AFCEA Answers: Cybersecurity Training Must Encompass All Work Force Needs
For more than a decade, experts have been forecasting a shortage in trained cybersecurity professionals. And the demand for those experts continues as government and industry note an uptick in the number and nature of cyberthreats.
“We absolutely have to have the best and the brightest folks working to help us resolve some of these difficult problems,” Dr. Ron Ross, a fellow with the National Institute of Standards and Technology, said. Speaking on a recent episode of the AFCEA Answers radio program, Ross described a definite shortage of cybersecurity experts at the federal level and acknowledged that the government is competing with industry for the “same scarce resources” when it comes to highly trained cybersecurity personnel.
“It’s not just teaching people how to configure firewalls; it goes deeply into college and university computer science departments and mathematics and engineering. We have to have a skilled work force that understands how to build more resilient computer systems—systems that can withstand these very sophisticated cyber attacks,” he added.
Two educational institutions have adapted cybersecurity education programs to meet the challenges of both the entry level,and also at the “continuing education” level: University of Maryland University College and Carnegie Mellon University.

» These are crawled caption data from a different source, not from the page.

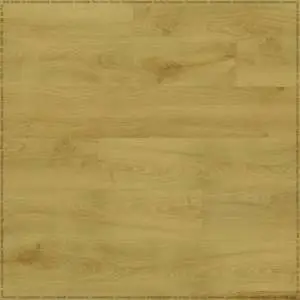 Виниловая плитка Fine Floor Rich Click FF-1986 Дуб Чиово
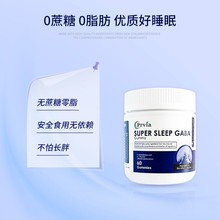 �����mPrvia����˯��&gamma;-��������ܛ��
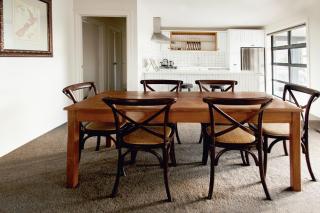 Pembroke Lodge - Wanaka - 8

Representatives of both programs offered details on the cybersecurity offerings during AFCEA Answers.
Pat Delaney, associate vice president of Corporate Learning Solutions at University of Maryland University College, said that her school formed an advisory board composed of top information technology and cybersecurity professionals to help guide them in rethinking their cybersecurity programs. “One of the things they decided was that we needed to focus not just on the technical, but also the management and decision making and the organizational aspects of cybersecurity education,” she explained.
Meanwhile, Chris May, technical manager, cybersecurity work force development, Carnegie Mellon University (CMU) CERT Program, said that CMU’s cyber program was established in the late 1980s to address the needs of government when one of the first major cyber attacks took place on an early, pre-Internet computer networks. “The program has been supporting the Department of Defense and the government information technology community for about 25 years,” he said. CMU’s Software Engineering Institute also is a preferred provider and a partner of AFCEA International’s new STEPfwd program, which offers a suite of cybersecurity continuing education classes available to AFCEA members.
May also outlined his most recent trip to the U.S. Army’s Fort Gordon, home of the Army Signal School, and its new efforts to revise personnel categories and training when it comes to cybersecurity. He said the changes stem from new mission areas given to the Army by the U.S. Cyber Command.
“The Army has been looking at innovative ways to improve and speed up the pace of how they provide trained and ready cyber operators, and also to look at ways to do what has been difficult in the past, how to do high-fidelity continuing education training once a particular soldier is out of the schoolhouse,” May explained.
The Army’s efforts to realign cybersecurity training at Fort Gordon are also detailed in the June 2013 edition of SIGNAL Magazine.